=== Exercise ===
Your answer must be the data repeated exactly, with no pictures in it.

Segment Start: Dataset records

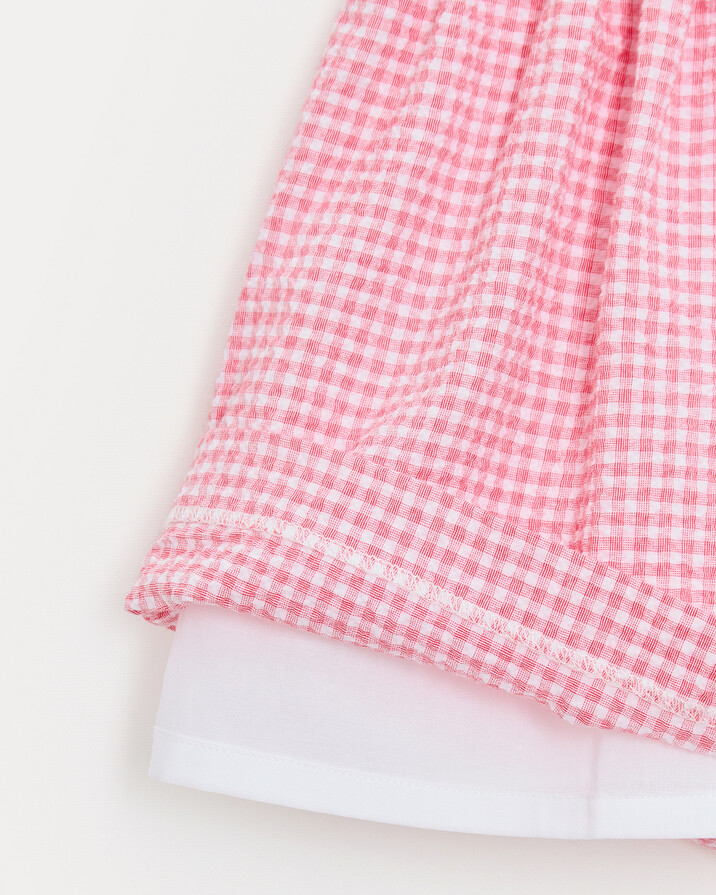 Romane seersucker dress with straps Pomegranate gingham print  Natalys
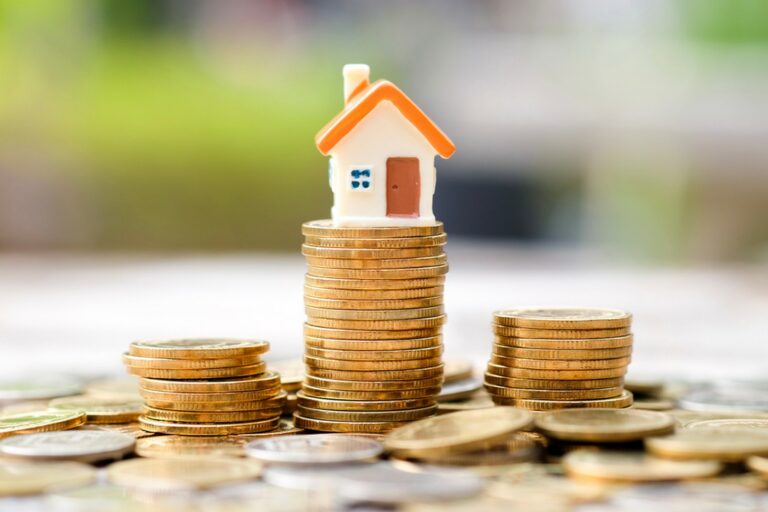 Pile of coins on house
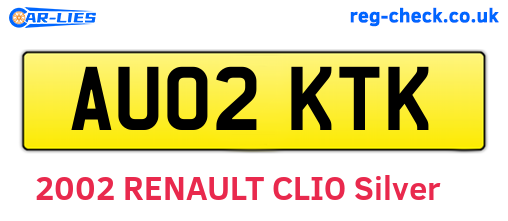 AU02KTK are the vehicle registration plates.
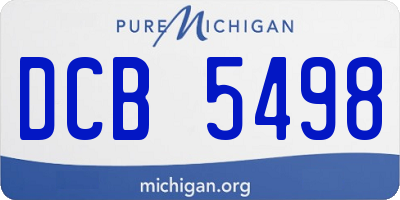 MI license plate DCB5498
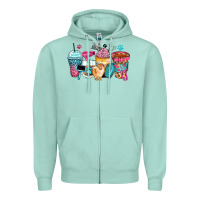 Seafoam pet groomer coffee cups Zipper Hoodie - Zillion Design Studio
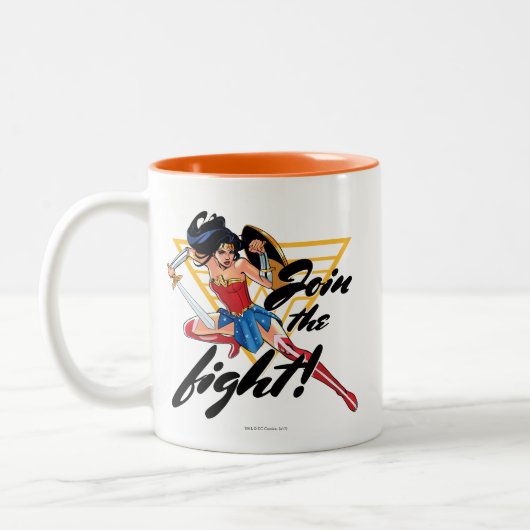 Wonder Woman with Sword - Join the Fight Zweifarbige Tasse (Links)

Segment End: Dataset records

=== Exercise output ===
 Romane seersucker dress with straps Pomegranate gingham print  Natalys
 Pile of coins on house
 AU02KTK are the vehicle registration plates.
 MI license plate DCB5498
 Seafoam pet groomer coffee cups Zipper Hoodie - Zillion Design Studio
 Wonder Woman with Sword - Join the Fight Zweifarbige Tasse (Links)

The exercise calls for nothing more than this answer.